Notice of Pre-AIA or AIA Status
The present application, filed on or after March 16, 2013, is being examined under the first inventor to file provisions of the AIA .
DETAILED ACTION
Claim Rejections - 35 USC § 102
In the event the determination of the status of the application as subject to AIA 35 U.S.C. 102 and 103 (or as subject to pre-AIA 35 U.S.C. 102 and 103) is incorrect, any correction of the statutory basis for the rejection will not be considered a new ground of rejection if the prior art relied upon, and the rationale supporting the rejection, would be the same under either status.
The following is a quotation of the appropriate paragraphs of 35 U.S.C. 102 that form the basis for the rejections under this section made in this Office action:
A person shall be entitled to a patent unless –
(a)(1) the claimed invention was patented, described in a printed publication, or in public use, on sale or otherwise available to the public before the effective filing date of the claimed invention.
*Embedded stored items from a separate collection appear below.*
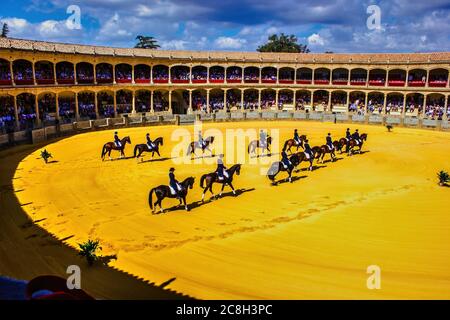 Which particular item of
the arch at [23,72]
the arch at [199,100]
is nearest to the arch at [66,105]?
the arch at [23,72]

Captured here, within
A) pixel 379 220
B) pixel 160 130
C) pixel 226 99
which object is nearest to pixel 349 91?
pixel 226 99

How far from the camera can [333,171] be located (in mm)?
20969

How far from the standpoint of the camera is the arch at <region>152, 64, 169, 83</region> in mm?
46219

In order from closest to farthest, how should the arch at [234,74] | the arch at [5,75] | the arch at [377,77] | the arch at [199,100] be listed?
A: 1. the arch at [5,75]
2. the arch at [377,77]
3. the arch at [199,100]
4. the arch at [234,74]

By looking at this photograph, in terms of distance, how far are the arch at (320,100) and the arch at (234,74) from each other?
10002 mm

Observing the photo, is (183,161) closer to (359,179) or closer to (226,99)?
(359,179)

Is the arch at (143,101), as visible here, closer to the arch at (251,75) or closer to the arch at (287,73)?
the arch at (251,75)

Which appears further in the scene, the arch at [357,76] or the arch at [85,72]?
the arch at [357,76]

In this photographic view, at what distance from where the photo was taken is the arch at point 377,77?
1848 inches

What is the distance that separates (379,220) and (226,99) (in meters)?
39.7

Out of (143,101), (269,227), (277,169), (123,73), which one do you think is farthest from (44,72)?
(269,227)

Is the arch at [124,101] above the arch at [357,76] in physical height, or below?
below

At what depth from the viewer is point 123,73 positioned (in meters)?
45.6

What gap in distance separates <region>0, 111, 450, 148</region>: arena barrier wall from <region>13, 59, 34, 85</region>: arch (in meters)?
6.20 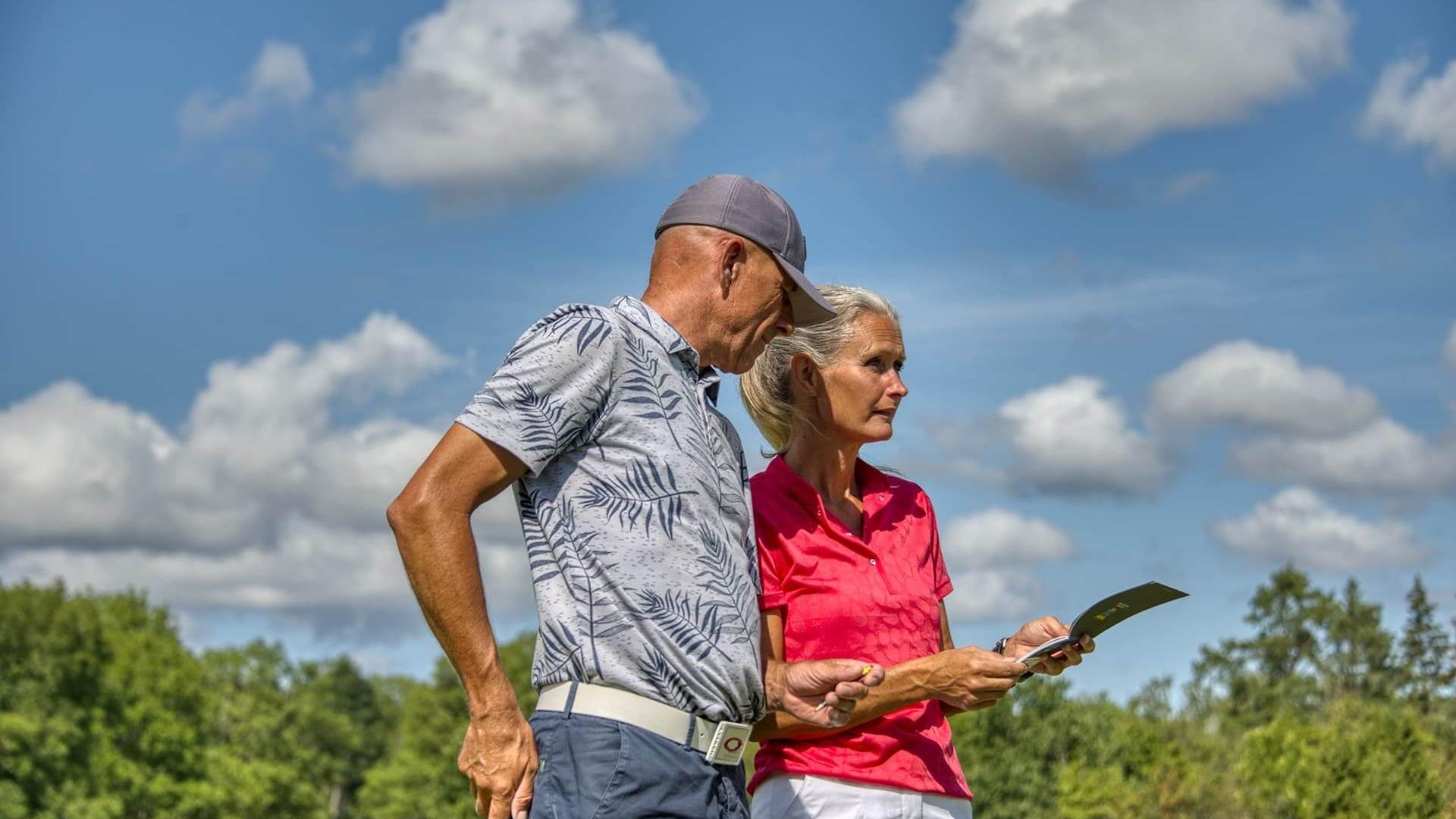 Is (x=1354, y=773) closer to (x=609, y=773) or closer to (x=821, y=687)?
(x=821, y=687)

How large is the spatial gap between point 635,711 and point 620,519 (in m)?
0.42

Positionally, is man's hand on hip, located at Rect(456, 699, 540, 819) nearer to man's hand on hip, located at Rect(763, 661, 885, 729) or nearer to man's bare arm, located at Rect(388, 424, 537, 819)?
man's bare arm, located at Rect(388, 424, 537, 819)

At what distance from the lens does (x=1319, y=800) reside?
2130cm

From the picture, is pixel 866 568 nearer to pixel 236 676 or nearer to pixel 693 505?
pixel 693 505

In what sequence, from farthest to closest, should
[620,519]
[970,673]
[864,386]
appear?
[864,386] < [970,673] < [620,519]

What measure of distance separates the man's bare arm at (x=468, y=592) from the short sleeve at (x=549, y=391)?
0.05 metres

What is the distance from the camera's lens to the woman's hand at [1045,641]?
4309 millimetres

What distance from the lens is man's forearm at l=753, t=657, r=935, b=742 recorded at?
4328mm

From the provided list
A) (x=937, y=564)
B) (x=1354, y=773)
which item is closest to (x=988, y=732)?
(x=1354, y=773)

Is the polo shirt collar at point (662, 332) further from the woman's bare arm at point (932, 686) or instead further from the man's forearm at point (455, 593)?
the woman's bare arm at point (932, 686)

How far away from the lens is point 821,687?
3.90 m

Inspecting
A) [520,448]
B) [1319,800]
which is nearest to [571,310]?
[520,448]

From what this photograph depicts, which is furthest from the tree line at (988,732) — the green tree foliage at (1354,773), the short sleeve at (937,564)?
the short sleeve at (937,564)

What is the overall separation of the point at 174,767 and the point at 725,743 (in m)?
56.4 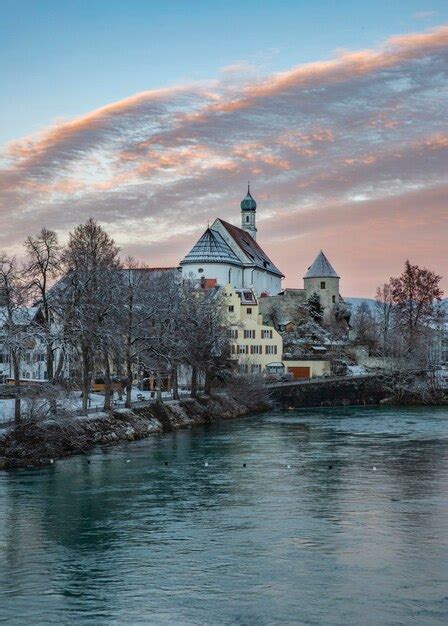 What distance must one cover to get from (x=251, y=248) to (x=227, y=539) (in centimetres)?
12510

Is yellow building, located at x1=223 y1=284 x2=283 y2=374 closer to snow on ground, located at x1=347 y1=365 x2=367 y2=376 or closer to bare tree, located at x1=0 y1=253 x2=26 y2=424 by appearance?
snow on ground, located at x1=347 y1=365 x2=367 y2=376

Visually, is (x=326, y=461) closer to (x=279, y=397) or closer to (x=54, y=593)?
(x=54, y=593)

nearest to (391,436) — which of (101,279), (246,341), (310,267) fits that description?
(101,279)

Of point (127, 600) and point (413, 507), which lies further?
point (413, 507)

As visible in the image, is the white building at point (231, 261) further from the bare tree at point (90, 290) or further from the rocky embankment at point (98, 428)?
the bare tree at point (90, 290)

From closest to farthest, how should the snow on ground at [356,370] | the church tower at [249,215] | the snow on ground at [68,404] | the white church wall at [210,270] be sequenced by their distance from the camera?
the snow on ground at [68,404] < the snow on ground at [356,370] < the white church wall at [210,270] < the church tower at [249,215]

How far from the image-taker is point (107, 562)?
28.3 metres

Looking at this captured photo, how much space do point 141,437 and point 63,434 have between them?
11303 millimetres

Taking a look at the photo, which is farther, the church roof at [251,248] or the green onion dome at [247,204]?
the green onion dome at [247,204]

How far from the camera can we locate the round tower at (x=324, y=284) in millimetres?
145125

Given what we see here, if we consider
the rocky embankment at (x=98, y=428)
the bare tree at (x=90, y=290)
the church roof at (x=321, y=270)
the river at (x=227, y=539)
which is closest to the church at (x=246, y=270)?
the church roof at (x=321, y=270)

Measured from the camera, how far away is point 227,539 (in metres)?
31.1

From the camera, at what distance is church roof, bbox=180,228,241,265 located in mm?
138500

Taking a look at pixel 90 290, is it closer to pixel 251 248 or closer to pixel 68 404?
pixel 68 404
(a)(2) the claimed invention was described in a patent issued under section 151, or in an application for patent published or deemed published under section 122(b), in which the patent or application, as the case may be, names another inventor and was effectively filed before the effective filing date of the claimed invention.
Claims 1-3, 5-8, 10-15, 17, 19-20 are rejected under 35 U.S.C. 102(a)(1) as being anticipated by Kothari et al. (US Pub 2021/0375023 A1).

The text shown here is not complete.